In recent weeks I’ve been revisiting 2016’s wonderful Hitman reboot to hone my silent assassin skills in preparation for Hitman 2’s release on the 13th November. As I’ve worked my way through the game’s various additional challenges I’ve also found myself nostalgic for the rest of the series’ history. My mind occasionally wandering away from the task at hand – such as dressing as a Vampire Magician and trying to work out how to stab a supermodel/spylord with a rapier – to previous fond memories.

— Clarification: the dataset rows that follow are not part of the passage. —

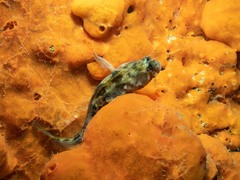 Parablennius tasmanianus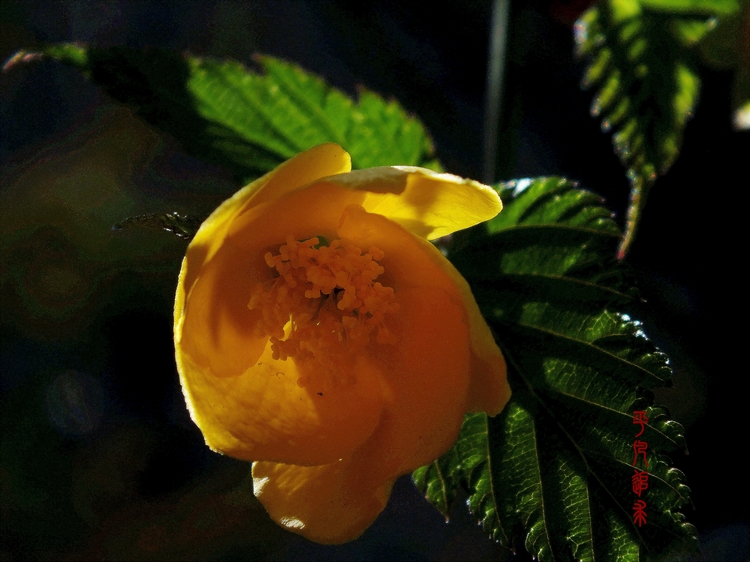 DSCF5665_副本.jpg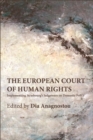 Image for The European Court of Human Rights: implementing Strasbourg&#39;s judgements on domestic policy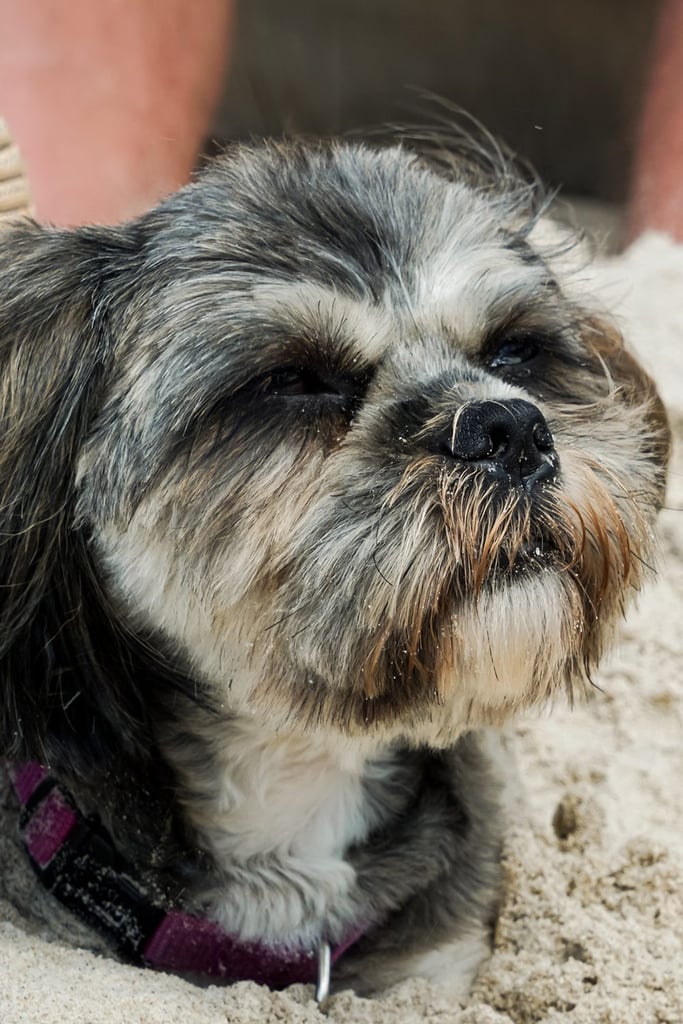 Shih Tzu Dog At The Beach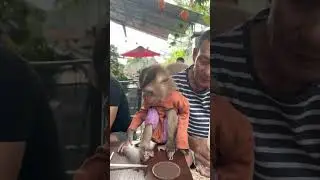 Grandpa next to monkey Sam is so cute #shorts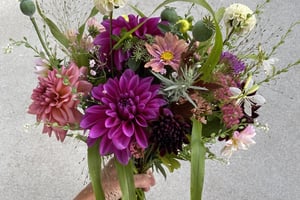 gallery 4-10 img 2924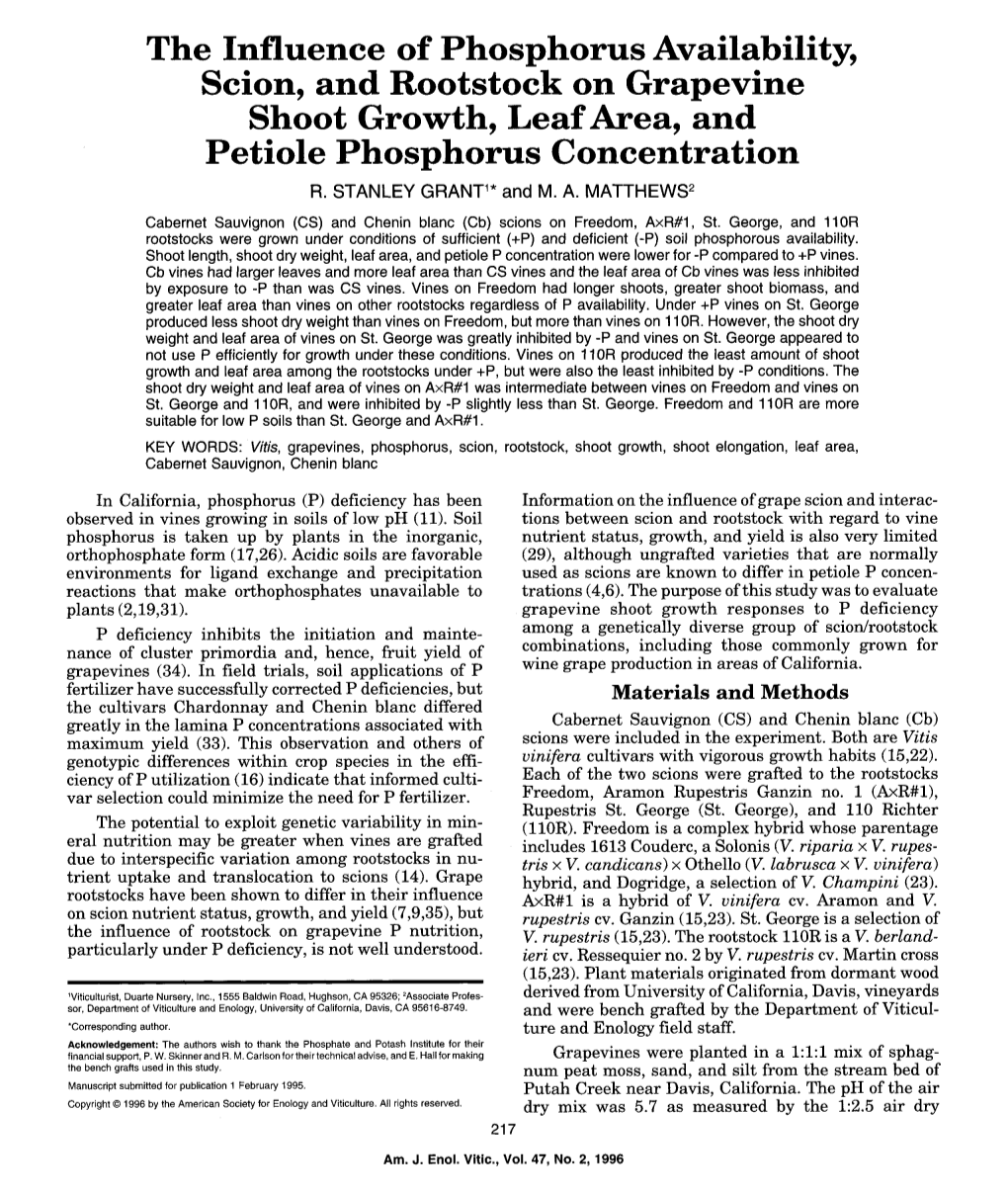 The Influence of Phosphorus Availability, Scion, and Rootstock on Grapevine Shoot Growth, Leaf Area, and Petiole Phosphorus Concentration R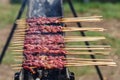 Grilled meat skewers Arrosticini in Abruzzo Italy Royalty Free Stock Photo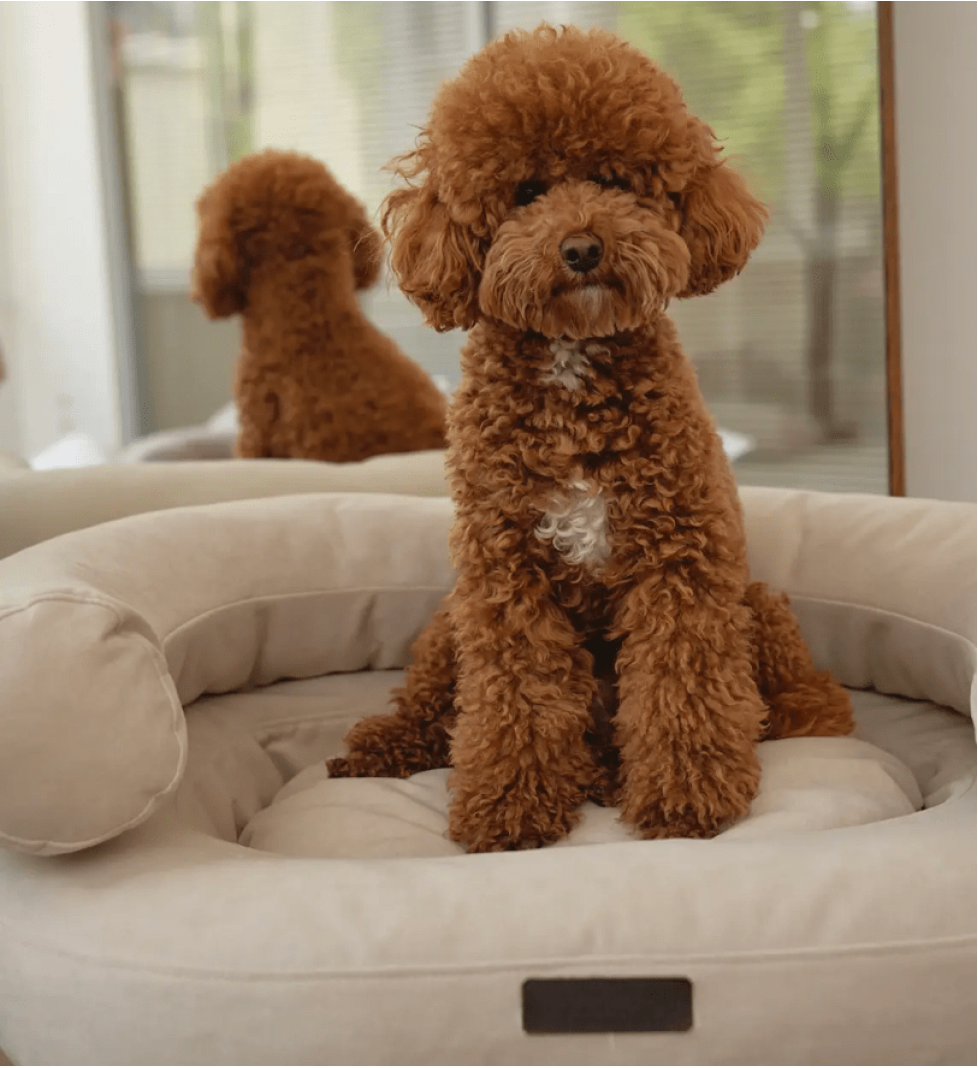 CHOUCHOU orthopedic bed for dogs “Marshmallow” beige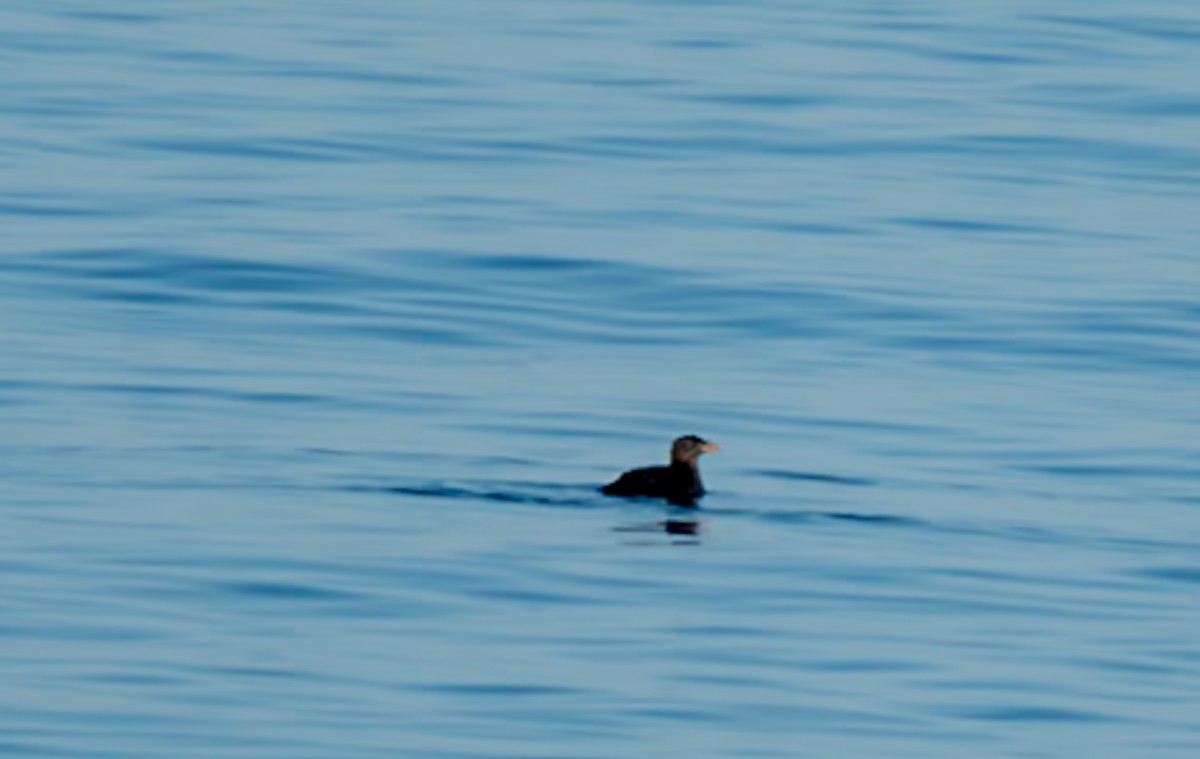 Rhinoceros Auklet - ML623309841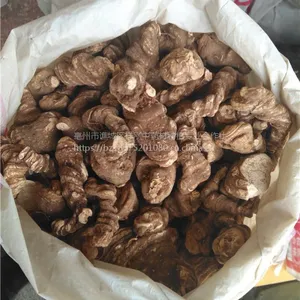 ��¥�г���/��¥����Ǯ��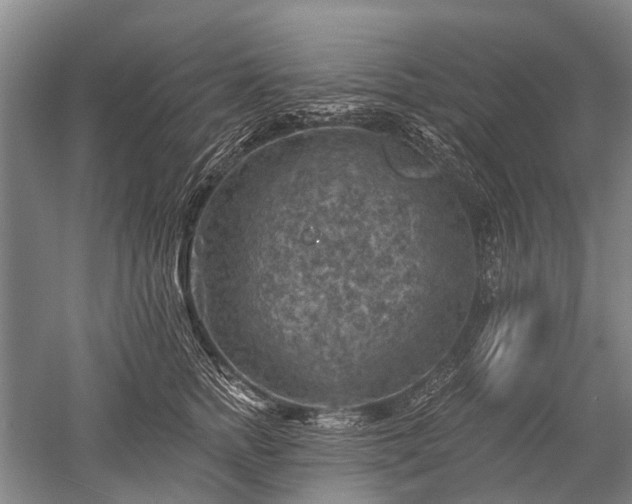 X0000052570758200507081701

Sniping the Maifoso boss from the starting hill in the first level of (the original) Hitman 2 and then sneaking my way into the house just to hide the body for that elusive Silent Assassin rating. Following a pizza boy into the toilets to chloroform him and steal his uniform in the Malaysian level of the same game. The on-stage assassination of an actor in a Parisian opera by loading the stunt-gun with real ammo in Hitman: Blood Money. Hell, even that crazy nonsense with the S&M Nuns in Absolution when they blow up the motel 47 is hiding in.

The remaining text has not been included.